あのあと、殺虫剤に耐えた生き残りが数十匹いて……やめよう、もう思い出したくもない。
素早く作業服を脱ぎ捨てて、空っぽの洗濯機に放り込むと洗濯を開始する。家族の服と一緒に洗ったら確実に苦情がくるからな。
浴室に入って念入りに体を洗ってから湯船に浸かる。
「今日のことは忘れ……いや、勉強にはなったか」
攻略ポイントの前哨戦と考えれば悪くない。悪くない……かなぁ。
蜘蛛とゴキブリどっちの方がマシかと問われたら、どっちだろう。本気で悩む。
ただ、今回の仕事で少しは虫への耐性が付いたはず。それにあっちは画面越しだからインパクトが緩和される。

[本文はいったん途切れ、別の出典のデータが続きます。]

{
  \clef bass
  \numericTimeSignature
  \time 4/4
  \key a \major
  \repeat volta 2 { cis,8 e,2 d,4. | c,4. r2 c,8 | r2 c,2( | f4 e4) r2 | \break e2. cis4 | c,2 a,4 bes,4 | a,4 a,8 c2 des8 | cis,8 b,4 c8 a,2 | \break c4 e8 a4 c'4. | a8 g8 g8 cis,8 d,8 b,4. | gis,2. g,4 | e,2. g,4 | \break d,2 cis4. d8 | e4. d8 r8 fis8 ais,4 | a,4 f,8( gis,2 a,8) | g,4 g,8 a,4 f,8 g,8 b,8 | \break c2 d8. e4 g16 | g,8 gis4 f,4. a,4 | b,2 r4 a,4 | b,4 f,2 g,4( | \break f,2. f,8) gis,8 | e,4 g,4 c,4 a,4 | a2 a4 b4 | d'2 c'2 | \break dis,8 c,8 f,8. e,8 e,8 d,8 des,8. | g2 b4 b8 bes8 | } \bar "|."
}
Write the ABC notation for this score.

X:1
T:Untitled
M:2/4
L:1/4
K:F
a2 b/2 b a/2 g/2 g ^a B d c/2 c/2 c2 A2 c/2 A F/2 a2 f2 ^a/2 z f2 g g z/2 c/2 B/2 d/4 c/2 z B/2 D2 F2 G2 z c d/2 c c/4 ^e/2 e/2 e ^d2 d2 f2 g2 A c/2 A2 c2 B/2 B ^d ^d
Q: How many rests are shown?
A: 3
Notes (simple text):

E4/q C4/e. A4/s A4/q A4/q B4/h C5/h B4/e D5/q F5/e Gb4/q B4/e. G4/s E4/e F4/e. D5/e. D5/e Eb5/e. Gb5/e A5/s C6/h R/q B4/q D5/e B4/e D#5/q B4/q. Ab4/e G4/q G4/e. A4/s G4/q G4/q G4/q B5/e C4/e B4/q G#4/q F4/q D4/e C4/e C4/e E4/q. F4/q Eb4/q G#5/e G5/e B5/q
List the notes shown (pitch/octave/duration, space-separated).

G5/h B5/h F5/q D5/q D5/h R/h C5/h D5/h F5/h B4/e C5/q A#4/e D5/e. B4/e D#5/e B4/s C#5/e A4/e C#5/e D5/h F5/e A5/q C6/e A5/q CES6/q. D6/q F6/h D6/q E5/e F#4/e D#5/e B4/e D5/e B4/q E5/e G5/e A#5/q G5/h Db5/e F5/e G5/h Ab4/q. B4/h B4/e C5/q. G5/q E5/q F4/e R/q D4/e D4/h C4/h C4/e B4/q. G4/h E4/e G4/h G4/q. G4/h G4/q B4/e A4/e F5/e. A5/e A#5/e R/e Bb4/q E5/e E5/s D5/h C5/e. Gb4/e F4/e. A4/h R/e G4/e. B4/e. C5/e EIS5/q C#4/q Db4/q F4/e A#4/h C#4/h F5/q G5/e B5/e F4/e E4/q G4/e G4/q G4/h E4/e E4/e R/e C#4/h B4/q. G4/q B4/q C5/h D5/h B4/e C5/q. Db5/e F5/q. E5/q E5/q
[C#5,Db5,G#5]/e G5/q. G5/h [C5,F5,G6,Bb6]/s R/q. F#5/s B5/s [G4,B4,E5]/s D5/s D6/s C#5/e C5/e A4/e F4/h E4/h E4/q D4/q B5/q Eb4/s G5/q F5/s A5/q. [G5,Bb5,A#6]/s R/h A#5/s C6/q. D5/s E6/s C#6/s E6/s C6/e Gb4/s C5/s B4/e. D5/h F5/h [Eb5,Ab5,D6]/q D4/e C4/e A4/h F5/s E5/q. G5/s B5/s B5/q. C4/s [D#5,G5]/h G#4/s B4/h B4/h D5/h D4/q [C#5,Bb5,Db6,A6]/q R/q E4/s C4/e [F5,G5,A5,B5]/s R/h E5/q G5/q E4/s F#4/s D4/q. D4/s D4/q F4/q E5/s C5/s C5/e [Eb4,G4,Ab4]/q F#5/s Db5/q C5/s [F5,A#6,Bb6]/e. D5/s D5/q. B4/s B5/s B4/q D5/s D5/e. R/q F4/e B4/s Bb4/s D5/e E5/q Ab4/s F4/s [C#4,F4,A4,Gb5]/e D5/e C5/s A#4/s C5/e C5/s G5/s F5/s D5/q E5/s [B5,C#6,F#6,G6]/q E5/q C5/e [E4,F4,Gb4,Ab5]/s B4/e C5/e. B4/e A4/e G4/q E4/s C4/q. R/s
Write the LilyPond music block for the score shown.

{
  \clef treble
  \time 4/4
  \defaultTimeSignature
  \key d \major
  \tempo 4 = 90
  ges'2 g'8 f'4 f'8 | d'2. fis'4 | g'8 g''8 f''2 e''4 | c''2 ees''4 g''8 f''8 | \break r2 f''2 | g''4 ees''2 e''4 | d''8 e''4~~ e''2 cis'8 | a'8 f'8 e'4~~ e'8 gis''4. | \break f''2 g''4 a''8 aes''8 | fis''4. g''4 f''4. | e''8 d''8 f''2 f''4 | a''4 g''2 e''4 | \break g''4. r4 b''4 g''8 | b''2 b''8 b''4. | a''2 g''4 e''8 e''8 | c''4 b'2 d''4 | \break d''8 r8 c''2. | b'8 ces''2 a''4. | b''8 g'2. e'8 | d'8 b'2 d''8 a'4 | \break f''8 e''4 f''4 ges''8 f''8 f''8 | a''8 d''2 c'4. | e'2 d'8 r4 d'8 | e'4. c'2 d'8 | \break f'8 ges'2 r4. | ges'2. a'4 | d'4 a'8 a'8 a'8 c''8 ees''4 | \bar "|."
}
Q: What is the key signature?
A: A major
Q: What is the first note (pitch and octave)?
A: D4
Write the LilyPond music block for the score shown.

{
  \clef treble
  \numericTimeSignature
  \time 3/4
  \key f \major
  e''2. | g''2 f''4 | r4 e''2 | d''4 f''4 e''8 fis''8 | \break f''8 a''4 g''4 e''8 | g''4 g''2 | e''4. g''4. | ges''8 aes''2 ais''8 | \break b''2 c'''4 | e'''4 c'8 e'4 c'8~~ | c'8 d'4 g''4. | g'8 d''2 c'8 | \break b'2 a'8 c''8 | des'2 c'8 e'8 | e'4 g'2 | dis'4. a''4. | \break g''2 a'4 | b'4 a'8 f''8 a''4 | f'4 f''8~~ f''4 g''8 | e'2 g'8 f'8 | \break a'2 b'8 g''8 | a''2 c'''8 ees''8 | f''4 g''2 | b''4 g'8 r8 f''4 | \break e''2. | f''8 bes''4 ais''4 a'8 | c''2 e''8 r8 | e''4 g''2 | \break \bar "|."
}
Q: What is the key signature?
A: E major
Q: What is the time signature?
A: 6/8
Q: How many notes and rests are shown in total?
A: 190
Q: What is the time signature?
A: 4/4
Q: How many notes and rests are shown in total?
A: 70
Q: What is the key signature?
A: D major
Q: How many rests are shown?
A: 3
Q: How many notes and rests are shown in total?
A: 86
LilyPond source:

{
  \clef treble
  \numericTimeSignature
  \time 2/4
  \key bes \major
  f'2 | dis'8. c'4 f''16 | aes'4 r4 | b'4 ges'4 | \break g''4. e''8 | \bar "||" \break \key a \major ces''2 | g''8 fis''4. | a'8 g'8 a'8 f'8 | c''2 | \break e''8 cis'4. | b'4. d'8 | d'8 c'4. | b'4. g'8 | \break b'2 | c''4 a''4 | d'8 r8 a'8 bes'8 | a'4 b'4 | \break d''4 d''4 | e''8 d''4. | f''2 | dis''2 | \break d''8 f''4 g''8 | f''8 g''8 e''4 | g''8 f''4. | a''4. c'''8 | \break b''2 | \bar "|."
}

「村人たちはもっと辛いんだから、あれぐらいは耐えないとな」
巨大な蜘蛛退治と今日の清掃を比べたら、どっちが過酷かなんて言うまでもない。
「チェムは無理っぽいし、ムルスもスディールもあの調子だと無理だよな」
次の攻略ポイントは既に伝えていて、そこにどんなモンスターが生息しているかも村人たちは理解している。
明日、退治予定で参加するメンバーは一応だが決まっている。そこにチェムも含まれていたが、どう考えても無理をしているので明日は不参加でいいか。
ムルスとスディールが意地を張って参加を表明するかもしれないけど、そうなったら神託を使ってでも止めよう。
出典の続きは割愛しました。